- [Exercise]:
All lines below between the line with "American Eagle Outfitters" and the line with "Drinkbeker met rietje", including both, must be copied exactly, and the pictures must be omitted.

- [Records for processing]:
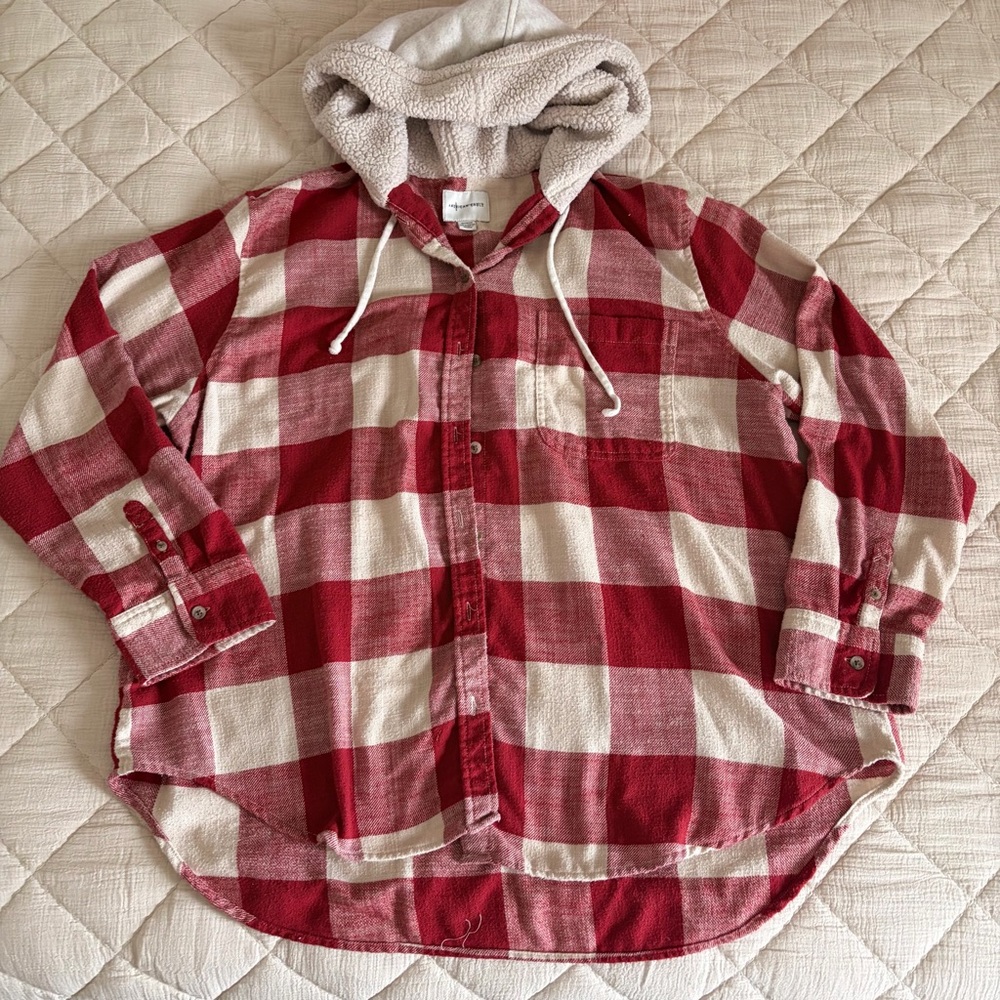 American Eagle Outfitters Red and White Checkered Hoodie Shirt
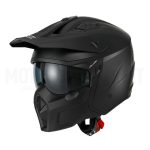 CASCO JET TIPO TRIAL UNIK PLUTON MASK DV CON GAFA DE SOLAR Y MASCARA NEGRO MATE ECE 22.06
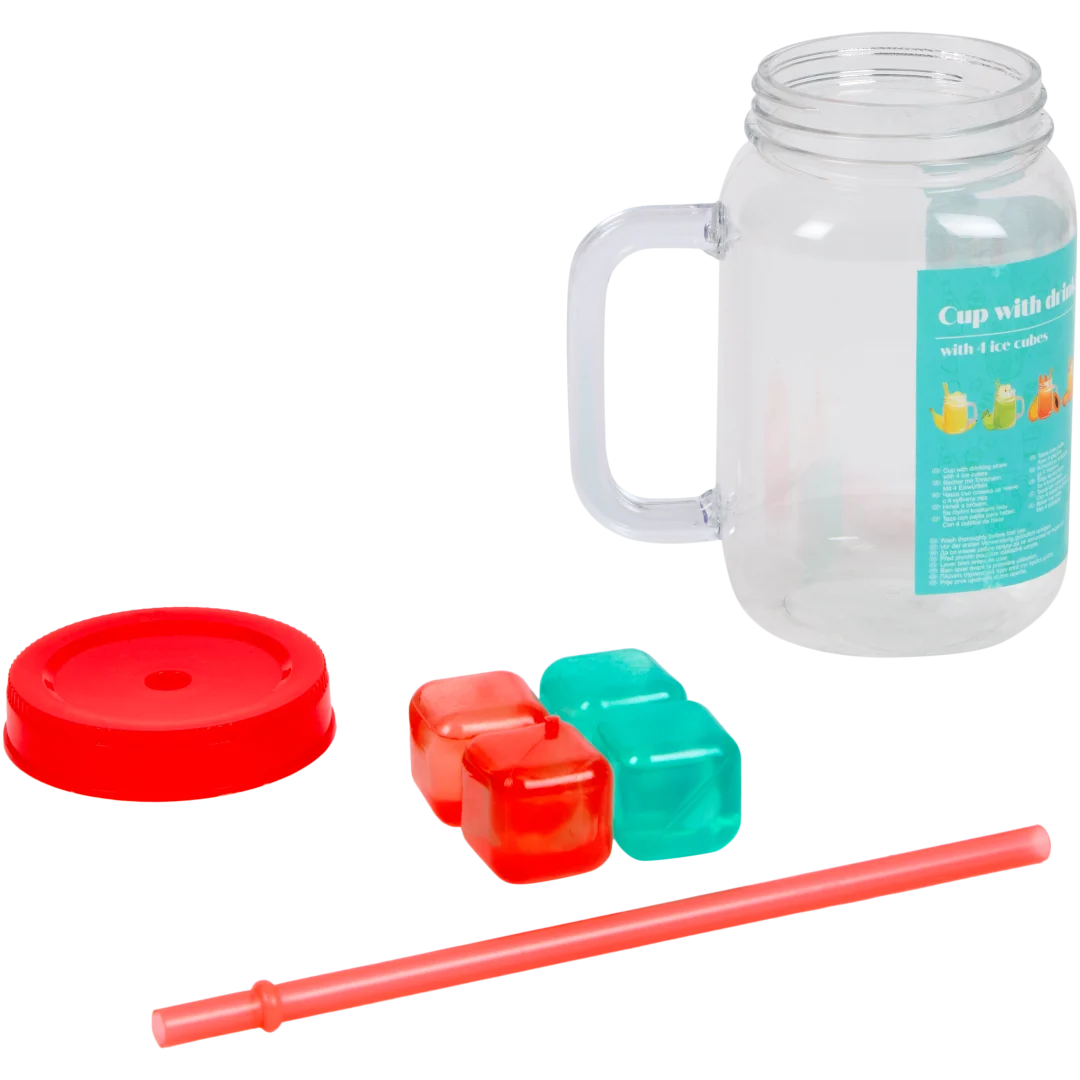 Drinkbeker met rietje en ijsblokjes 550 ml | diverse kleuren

* * *

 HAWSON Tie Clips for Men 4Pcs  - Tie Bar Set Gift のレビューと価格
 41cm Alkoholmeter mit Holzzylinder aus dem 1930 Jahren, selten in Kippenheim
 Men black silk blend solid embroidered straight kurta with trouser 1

- [Exercise answer]:
 American Eagle Outfitters Red and White Checkered Hoodie Shirt
 CASCO JET TIPO TRIAL UNIK PLUTON MASK DV CON GAFA DE SOLAR Y MASCARA NEGRO MATE ECE 22.06
 Drinkbeker met rietje en ijsblokjes 550 ml | diverse kleuren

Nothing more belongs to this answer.